GfK: Can ultrathins add value this Christmas?

Ultrathins have grown in excess of 300 per cent, despite total notebook declines. Claire Decommer, GfK account manager, IT, examines what that means for the market.

The retail sales figures published by the Office of National Statistics (ONS) in the aftermath of the London Olympics came as a major setback, with the event having failed to provide a much needed ‘boost’ to the UK retail sector.

In line with this overall trend, IT sales volumes in the UK consumer channels were flat year-on-year for the month of September 2012. While most product categories were in decline over this period, the trend was bucked by portable consumer devices, such as media tablets and e-readers, both of which were in significant growth. While the media tablets market grew by 140 per cent this September, the more traditional notebooks market was down 13 per cent over the same period. This highlights the fact that consumers are now opting for more mobile and compact devices.

Even though the notebooks market was in overall decline, the new and highly publicised ultrathin segment was up 407 per cent in volume terms when compared to September 2011. These new, stylish, light-weight and sleek devices have been the only major innovation in the notebooks market in recent times. In September 2012 alone, more than ten new ultrathins devices were launched. This further illustrates the importance of the increasingly portable side of computing devices and ties in well with the tablet phenomenon. As a result, manufacturers have made a lot of investment in order to promote these next generation devices and this has definitely contributed to the success of this category.

Ultrathins have thus been a key growth area within the notebooks market for the entirety of the previous quarter. The segment has had a major impact in weakening the declines in notebooks as a whole, especially when we look at it value terms. The Average Selling Price (ASP) of this segment stood at £845 in Q3 2012, while that for total notebooks was at £466 – a difference of almost half. This brings us to question as to how long this growth can be sustained for, given the current economic climate and consumer confidence.

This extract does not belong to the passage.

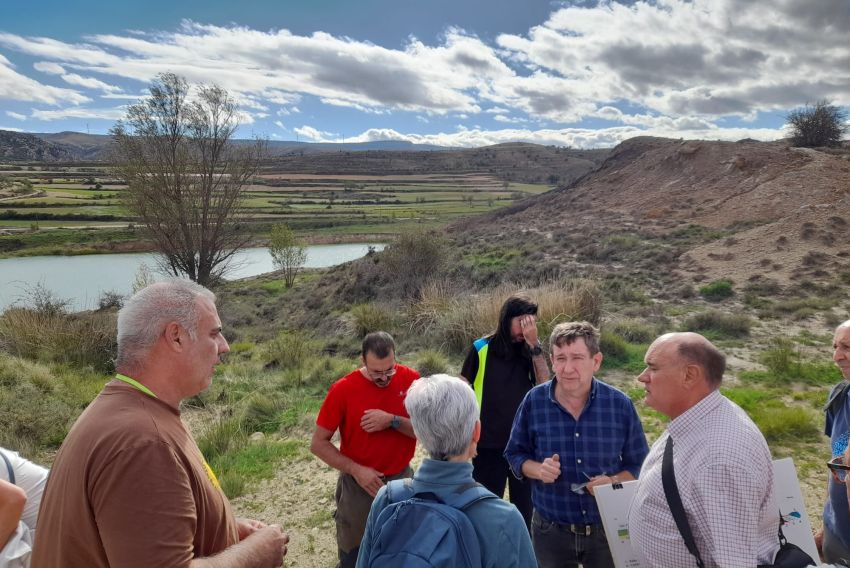 La III Feria de Minerales, Gemas  y Fósiles arranca con una visita geológica guiada a Oliete y Ariño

Indeed, with the key Christmas and Boxing Day sales period just around the corner, the performance of the ultrathin segment would be a crucial factor as to whether the notebooks market will be in growth or decline for that quarter.

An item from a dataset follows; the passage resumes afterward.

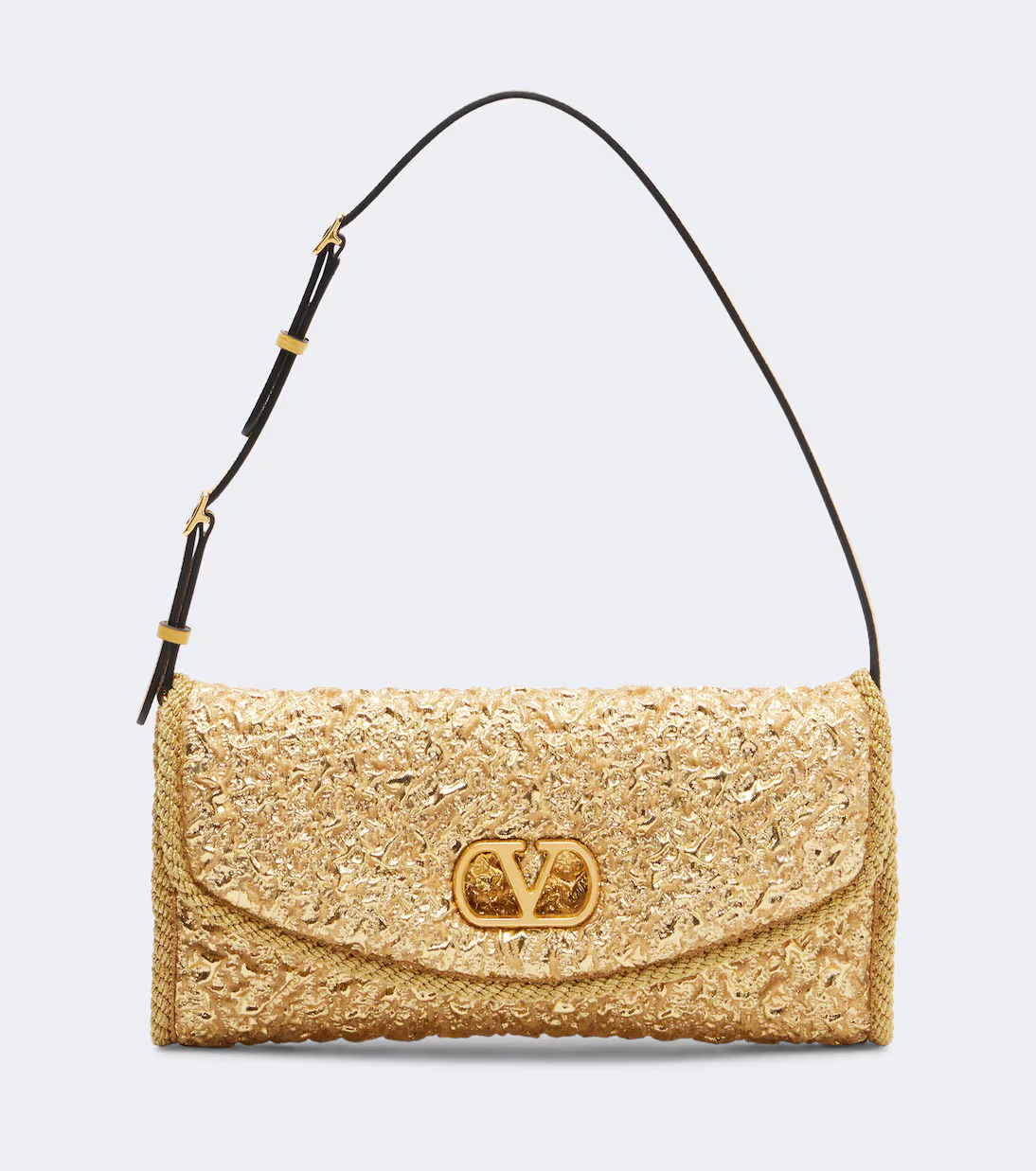 Valentino Garavani, DeVain Small Cloqu&eacute; Jacquard Shoulder Bag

That said, this Christmas is going to be increasingly challenging, with media tablets quite likely to dominate the IT market as the key gifting product. As the number of media tablets sold in the UK reaches similar levels to notebooks, coupled with the upcoming launches of high profile, low ASP media tablets, this may cause a slowdown in the sales of notebooks and perhaps the more expensive ultrathin segment.

This is all the more true as the media tablet market is becoming a real eco- system with different price ranges, different screen sizes, and different purposes, such as those for children and gamers.

So only time will tell the true outcome of the fourth quarter this year, but one thing is for certain. If the ultrathins segment survives the Christmas and Boxing Day period, it can play an instrumental role in pushing the notebooks market into a much more reasonable position by the end of the year.